On the 27th and 28th of June 2016, the first ContainerDays took place in the Port of Hamburg, Germany. The main goal of this event was to:
“[..] provide the European container community with the necessary platform to promote and professionalize the thriving container movement.”
The event was divided into a conference day and a workshop day. The first day was dedicated to workshops that focused on the practical use of container technologies like Docker, Kubernetes, and Mesosphere. The workshops were followed by a Meetup session in the evening. The second day focused on talks from experts within the container community. They presented their insights and experiences in the field of the IT infrastructure of the future.
In this post, I share some notes that I took from the various sessions I was particularly interested in.
Meetup
Tobias Schneck - ConSol Software GmbH: Containerized End-2-End-Testing
The main point of this talk was about putting a VNC-Server and Selenium-like testing software (sakuli) in a container, and run UI tests with it. They also integrated the E2E test in Nagios and got some nice graphs and error reports out of it.
Aaron Huslage - Docker: New Stuff in Docker 1.12
Aaron showed the new features of the upcoming docker release. The biggest part was the new orchestration framework (see blog post).
Some main points:
- Swarm Clustering, self healing.
- Build in PKI, rotation, revoke …
- Routing Mesh: overlay network, load balancing, DNS based service discovery, IPVS
- Service API: scheduling, scaling, rolling upgrades, health checks
Conference Day
Mandy Waite - Google : From Borg to Kubernetes: The history and future of container orchestration
This talk was mainly about efficient usage of cluster resources in Borg and with Kubernetes:
- New Feature in 1.3: Federated Cluster
Boyan Dimitrov - Sixt: Enterprise Microservice Adoption
The talk was about the first services developed as a microservice.

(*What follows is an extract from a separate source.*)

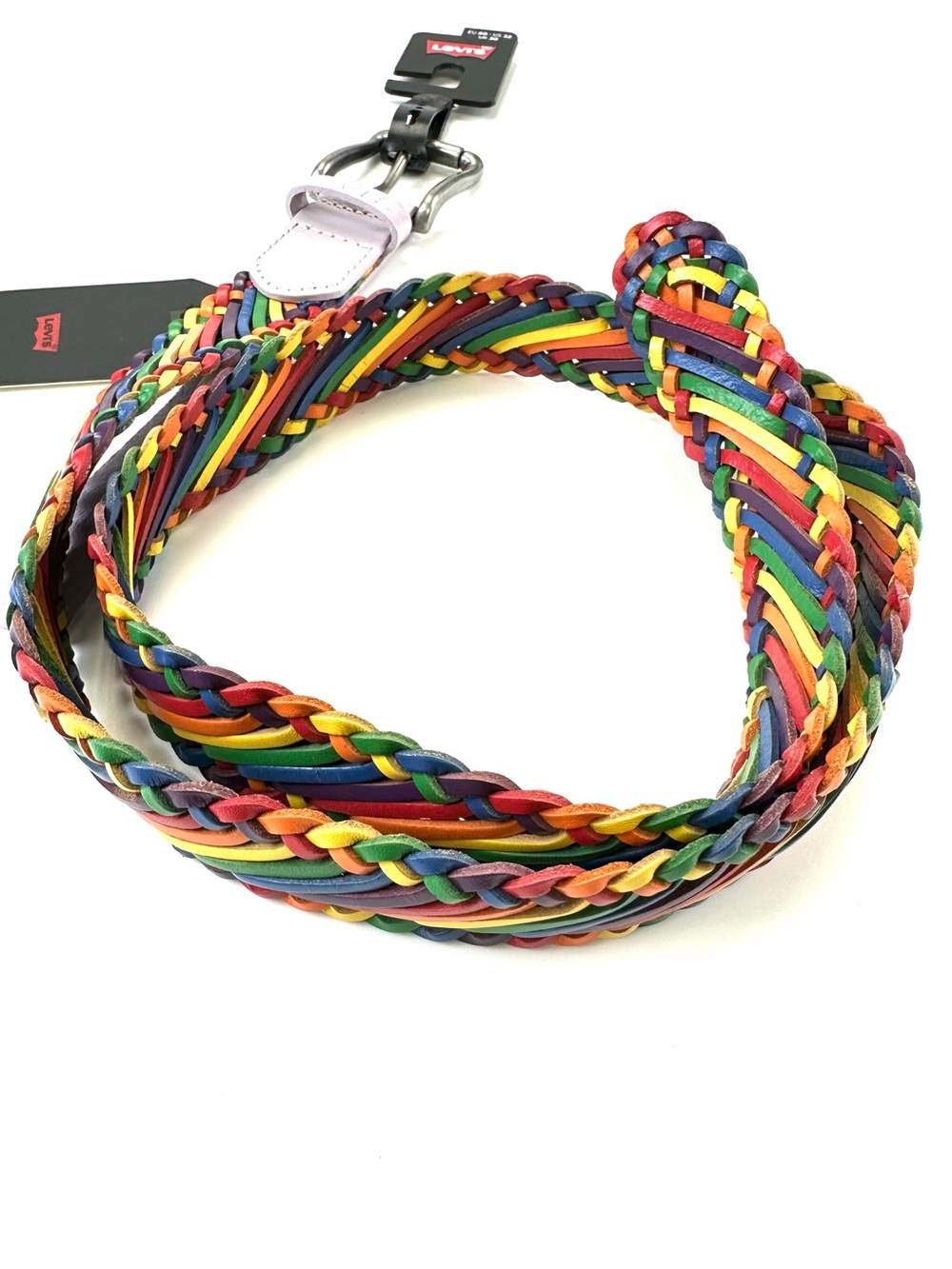 Levis Rainbow Braided Leather Belt NWT Pride Full Grain Size 32in Gender Neutral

- Old solution: 95% developed in house and run in own datacenter
- Challenges: dependencies between teams, faster automation, enable teams to innovate and deliver
The approach:
- Bootstrap full stack team with archivable task
- Communicate a lot
- Create API, self contained databases, service should be killable, fail fast, define success
- Service template, new repos, Jenkins Jobs, Makefile
- Continuous delivery track: simple and repeatable
- Use Micro (microservice toolkit)
- Scale the pilot
The already have production traffic on Kubernetes.
Erkan Yanar (Freelancer): Linuxkernel features building my $container
Erkan showed some basic commands how to interact with the kernel features that build the container.
Building blocks of container:
- chroot
- Capabilities: cat /proc/self/status, capsh –decode
- cgroups: examples: devices memory freeze
- Namespaces: cmd tool unshare
Rainer Sträter - 1&1 Internet SE: Application deployment and management at scale with 1&1
- Motivation for container: Web hosting stacks, new demands from customers, complex updates
- Everything is a container (mysql, php, …)
- GlusterFS storage layer
- Kubernetes Cluster Size: 1000 Nodes, 1000 Container per Node
- Cluster running on CoreOS
- Open vSwitch for routing traffic
- Automation of container build with drone.io. Watch for changes, build, test push.
- Applications need to support immutable updates
- Currently no own container
- Shortly publicly available as “Managed Hosting”
Mathias Lafeldt - Jimdo: A journey through wonderland
- Cloud migration took 5 years, now running on AWS
- Every team did their own monitoring, deployment, test, and other stuff
- Toolsmith team created Wonderland environment
- They run dockerised applications and one off tasks
- Provide APIs for logs, deployment, …
- Toolsmith team as internal service provider: SLA, workshops, documentation, ….
- Tools in use: Docker registry, Vault, Chat bot, CoreOS (no SSH for devs)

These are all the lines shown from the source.